# 2008 Convention Information



## texpitbull2 (Aug 13, 2007)

ADBSI Clubs & Events

2008 Convention Information

The 2008 Convention will be held at the Palace Sation Hotel & Casino in Las Vegas, NV located just minutes from the strip! For a discounted hotel rate, contact Palace Station Hotel & Casino at 800-634-3101. Refer to group code: PCIADBA
Tower rooms $85 Sun-Thurs/$145 Fri & Sat
Courtyard rooms $65 Sun-Thurs/$125 Fri & Sat (plus applicable tax & hotel service fees) Rooms are limited at this discounted rate, reservations must be made prior to January 23, 2008. First come, first served!

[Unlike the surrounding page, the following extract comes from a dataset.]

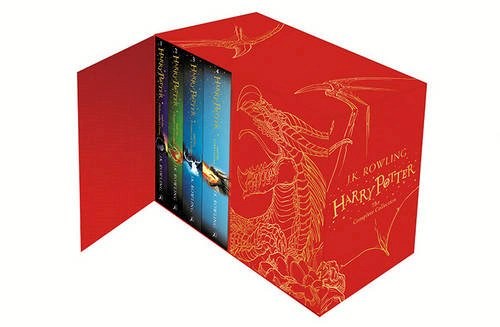 Papel Harry Potter Box Set: The Complete Collection (Hardback)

All attendees, $10.00 pre-registration fee required by Monday, February 18th. 
($20.00 registration fee charged at the door for those not pre-registered by the above date.)

How to pre-register for the 2008 Convention:

1 - Call the ADBA office (801)936-7513 between 10:30 am and 4:30 pm. Any of our representatives will be able to assist you. You can pay the $10.00 fee with a debit or credit card.

2- Fax the information to (801)936-4229, Attention: Heather "Convention Pre-Registration". Please include your credit card or debit card number, expiration date and 3 digit code (on the back). List the total number and the name of each person that will be attending the convention.

3 - Print a form (see below) or write the full name, address, phone number and email address of each attendee and mail along with check or money order to: 
ADBA
Attn: Heather, Conv Pre-Reg
P.O. Box 1771
Salt Lake City, UT 84110


----------